### What you should do
Every line with the string "thương" in it belongs in your answer, so copy them all from the data.

### Provided records
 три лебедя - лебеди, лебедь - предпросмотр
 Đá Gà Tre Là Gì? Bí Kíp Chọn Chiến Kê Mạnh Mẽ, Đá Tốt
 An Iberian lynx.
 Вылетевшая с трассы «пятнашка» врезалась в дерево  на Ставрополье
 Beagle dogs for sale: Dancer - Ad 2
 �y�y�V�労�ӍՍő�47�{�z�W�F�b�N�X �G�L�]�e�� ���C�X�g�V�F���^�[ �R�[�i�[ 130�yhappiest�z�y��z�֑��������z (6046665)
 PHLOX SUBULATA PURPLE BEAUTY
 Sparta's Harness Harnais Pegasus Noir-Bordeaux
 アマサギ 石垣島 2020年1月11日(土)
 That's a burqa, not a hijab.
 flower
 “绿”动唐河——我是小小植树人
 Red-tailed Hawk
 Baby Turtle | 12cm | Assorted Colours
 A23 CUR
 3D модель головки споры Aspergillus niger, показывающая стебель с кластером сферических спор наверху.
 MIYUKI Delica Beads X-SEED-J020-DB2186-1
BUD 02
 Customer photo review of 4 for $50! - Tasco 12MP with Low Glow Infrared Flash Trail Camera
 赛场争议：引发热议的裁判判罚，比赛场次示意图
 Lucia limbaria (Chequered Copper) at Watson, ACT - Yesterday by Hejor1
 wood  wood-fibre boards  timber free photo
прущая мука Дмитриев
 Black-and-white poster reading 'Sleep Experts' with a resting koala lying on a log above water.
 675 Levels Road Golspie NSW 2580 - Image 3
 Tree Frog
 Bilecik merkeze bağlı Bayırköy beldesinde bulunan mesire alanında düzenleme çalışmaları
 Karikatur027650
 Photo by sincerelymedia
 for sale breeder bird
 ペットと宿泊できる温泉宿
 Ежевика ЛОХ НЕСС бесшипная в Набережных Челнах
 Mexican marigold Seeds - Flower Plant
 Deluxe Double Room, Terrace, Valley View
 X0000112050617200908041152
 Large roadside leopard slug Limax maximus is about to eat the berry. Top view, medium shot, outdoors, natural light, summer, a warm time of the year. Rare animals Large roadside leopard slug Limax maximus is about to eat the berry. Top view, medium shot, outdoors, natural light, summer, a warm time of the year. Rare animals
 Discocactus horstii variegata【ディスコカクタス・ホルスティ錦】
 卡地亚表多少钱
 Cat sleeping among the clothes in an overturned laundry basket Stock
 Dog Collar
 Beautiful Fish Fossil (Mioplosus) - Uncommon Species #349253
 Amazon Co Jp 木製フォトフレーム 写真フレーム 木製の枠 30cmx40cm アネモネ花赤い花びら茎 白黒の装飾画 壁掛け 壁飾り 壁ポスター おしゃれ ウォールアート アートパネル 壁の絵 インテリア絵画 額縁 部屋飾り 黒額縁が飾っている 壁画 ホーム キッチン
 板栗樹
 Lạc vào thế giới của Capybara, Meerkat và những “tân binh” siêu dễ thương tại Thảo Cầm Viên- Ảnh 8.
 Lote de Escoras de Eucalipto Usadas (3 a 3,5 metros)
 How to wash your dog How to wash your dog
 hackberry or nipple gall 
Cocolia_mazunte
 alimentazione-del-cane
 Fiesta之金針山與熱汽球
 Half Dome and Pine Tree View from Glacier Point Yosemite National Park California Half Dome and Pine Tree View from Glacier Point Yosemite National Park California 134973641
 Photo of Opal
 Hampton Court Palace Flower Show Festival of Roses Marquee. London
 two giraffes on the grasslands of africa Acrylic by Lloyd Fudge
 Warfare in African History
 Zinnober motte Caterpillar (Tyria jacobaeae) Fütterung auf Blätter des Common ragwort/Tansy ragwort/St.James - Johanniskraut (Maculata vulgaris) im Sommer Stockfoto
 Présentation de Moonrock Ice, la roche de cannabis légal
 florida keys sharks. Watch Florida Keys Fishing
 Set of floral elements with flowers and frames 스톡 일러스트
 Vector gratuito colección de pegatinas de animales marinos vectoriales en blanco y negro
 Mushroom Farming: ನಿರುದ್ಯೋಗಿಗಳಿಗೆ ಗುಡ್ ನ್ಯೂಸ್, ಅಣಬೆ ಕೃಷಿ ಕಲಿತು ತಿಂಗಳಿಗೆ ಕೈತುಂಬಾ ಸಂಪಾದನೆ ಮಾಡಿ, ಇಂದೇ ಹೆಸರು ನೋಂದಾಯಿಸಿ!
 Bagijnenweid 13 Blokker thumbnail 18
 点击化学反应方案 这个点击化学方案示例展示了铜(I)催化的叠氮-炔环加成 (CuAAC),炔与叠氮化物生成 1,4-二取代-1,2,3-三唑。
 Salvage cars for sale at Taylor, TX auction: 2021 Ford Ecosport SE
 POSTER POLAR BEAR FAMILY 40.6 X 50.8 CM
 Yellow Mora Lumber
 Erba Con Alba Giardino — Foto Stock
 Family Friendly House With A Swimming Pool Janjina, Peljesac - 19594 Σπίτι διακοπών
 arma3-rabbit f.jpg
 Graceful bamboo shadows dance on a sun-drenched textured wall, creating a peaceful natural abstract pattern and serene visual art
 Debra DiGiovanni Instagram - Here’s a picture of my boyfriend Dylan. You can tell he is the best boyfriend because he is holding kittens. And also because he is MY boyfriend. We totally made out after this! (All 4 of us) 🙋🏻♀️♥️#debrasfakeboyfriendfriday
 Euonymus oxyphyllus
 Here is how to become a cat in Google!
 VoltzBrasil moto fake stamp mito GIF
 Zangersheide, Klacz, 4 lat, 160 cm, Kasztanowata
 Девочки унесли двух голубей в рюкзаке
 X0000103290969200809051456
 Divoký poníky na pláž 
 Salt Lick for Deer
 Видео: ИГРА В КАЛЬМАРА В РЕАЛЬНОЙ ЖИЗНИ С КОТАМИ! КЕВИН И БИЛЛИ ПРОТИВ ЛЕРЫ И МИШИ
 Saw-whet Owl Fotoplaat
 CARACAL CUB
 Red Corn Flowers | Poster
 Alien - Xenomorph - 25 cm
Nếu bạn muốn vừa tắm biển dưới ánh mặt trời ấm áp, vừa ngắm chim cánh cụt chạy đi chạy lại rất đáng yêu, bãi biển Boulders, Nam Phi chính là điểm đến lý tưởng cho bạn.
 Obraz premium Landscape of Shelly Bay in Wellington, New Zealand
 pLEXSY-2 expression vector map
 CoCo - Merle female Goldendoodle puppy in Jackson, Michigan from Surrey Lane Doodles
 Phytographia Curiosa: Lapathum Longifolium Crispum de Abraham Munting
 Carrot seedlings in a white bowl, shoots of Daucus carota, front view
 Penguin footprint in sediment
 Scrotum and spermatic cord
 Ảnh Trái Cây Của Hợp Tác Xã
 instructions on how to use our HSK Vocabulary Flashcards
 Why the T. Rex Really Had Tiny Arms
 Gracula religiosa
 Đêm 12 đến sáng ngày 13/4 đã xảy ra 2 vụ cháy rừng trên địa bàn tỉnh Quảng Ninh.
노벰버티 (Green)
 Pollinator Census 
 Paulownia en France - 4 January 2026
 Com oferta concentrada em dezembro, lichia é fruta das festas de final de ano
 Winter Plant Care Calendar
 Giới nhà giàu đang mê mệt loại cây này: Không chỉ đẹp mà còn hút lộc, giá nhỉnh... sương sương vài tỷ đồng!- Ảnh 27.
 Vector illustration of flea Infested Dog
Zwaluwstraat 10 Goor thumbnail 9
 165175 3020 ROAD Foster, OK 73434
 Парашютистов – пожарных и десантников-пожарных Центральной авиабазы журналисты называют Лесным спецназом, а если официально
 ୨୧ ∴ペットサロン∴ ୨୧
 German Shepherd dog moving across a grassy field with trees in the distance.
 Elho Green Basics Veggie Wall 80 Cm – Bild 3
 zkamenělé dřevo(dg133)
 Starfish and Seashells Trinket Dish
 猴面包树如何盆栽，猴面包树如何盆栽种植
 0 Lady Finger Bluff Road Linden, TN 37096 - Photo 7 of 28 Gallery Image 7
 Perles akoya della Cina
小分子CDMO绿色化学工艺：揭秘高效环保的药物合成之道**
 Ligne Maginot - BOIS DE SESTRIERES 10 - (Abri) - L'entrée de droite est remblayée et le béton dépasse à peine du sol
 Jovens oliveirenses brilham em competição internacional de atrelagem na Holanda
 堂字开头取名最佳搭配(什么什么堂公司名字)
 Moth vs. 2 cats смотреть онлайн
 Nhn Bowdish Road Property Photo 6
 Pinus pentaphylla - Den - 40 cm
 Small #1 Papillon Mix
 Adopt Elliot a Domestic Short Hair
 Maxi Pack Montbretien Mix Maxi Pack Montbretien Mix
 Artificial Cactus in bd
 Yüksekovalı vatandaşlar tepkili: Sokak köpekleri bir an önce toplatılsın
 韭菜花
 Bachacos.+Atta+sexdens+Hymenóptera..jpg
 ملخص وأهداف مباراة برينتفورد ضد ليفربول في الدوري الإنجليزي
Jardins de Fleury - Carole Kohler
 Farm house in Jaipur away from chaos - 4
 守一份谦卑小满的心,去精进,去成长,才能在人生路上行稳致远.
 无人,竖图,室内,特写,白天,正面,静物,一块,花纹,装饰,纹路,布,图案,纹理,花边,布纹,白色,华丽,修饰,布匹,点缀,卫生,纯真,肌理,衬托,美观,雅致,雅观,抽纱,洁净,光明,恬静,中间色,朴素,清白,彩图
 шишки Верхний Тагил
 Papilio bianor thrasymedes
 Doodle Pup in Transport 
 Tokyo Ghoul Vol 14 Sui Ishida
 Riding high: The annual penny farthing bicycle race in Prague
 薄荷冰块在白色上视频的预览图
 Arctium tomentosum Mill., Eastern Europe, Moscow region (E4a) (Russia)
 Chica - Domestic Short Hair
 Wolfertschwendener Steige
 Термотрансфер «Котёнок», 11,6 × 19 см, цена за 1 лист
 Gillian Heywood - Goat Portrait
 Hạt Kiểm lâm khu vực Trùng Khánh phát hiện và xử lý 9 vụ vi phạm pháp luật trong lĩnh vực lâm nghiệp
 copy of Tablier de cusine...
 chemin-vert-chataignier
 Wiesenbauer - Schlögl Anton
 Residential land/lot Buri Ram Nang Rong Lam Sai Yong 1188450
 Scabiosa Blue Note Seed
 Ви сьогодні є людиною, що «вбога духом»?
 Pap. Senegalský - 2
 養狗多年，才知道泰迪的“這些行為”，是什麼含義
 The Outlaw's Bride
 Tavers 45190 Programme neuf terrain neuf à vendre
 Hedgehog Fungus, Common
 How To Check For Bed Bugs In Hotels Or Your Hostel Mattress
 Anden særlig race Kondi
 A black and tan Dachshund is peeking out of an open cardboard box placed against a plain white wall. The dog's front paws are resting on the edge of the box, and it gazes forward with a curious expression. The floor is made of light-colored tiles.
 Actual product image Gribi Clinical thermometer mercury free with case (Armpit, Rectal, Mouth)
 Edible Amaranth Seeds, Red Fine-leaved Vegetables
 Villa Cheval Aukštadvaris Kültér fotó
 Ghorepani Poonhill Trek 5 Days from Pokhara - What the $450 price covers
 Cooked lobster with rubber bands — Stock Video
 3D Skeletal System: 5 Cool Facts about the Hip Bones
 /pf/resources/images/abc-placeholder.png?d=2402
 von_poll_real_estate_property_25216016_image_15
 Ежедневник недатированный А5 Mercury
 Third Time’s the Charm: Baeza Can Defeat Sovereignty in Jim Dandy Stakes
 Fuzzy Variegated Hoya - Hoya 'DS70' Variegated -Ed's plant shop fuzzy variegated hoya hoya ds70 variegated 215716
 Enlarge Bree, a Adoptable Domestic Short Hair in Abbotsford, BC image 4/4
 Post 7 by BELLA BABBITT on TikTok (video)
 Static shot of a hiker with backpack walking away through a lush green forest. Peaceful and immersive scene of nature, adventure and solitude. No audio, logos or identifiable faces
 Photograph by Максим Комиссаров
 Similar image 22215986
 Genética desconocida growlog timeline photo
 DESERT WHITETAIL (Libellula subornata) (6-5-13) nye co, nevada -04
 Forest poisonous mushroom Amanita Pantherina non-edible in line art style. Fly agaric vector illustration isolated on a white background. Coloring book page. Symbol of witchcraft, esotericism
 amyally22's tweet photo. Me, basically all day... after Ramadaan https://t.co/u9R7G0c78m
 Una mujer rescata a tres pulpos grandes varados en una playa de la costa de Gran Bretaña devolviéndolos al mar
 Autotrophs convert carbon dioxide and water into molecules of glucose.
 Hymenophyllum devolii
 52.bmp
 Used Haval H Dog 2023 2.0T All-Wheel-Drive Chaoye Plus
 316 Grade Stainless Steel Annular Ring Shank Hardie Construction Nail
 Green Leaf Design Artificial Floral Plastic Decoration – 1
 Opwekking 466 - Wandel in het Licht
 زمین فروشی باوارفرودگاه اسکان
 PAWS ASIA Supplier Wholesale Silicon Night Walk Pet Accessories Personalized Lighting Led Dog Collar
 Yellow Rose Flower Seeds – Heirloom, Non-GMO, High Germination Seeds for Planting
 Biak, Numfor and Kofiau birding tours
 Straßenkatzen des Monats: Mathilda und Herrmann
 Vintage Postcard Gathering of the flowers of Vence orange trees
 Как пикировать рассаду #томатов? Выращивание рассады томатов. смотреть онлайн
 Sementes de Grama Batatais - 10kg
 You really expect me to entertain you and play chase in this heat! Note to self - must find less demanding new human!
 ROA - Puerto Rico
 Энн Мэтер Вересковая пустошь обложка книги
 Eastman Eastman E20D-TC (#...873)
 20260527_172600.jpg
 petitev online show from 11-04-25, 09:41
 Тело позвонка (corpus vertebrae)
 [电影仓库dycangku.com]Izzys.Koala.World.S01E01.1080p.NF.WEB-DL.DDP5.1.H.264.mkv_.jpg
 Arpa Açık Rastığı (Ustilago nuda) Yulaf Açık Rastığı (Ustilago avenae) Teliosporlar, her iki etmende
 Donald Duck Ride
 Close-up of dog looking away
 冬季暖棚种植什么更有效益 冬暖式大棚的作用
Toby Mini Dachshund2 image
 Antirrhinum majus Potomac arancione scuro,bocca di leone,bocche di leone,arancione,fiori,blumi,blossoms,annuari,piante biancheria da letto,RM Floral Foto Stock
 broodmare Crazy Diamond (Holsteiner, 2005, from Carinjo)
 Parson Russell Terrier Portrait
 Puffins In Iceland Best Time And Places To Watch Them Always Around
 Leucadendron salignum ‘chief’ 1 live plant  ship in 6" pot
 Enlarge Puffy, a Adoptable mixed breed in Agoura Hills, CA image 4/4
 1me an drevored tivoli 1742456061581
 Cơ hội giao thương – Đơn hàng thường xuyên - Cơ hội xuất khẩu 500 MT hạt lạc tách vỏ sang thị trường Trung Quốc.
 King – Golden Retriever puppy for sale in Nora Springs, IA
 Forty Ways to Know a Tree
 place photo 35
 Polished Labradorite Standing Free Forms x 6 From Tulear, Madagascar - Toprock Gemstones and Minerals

### Exercise answer
 Lạc vào thế giới của Capybara, Meerkat và những “tân binh” siêu dễ thương tại Thảo Cầm Viên- Ảnh 8.
 Cơ hội giao thương – Đơn hàng thường xuyên - Cơ hội xuất khẩu 500 MT hạt lạc tách vỏ sang thị trường Trung Quốc.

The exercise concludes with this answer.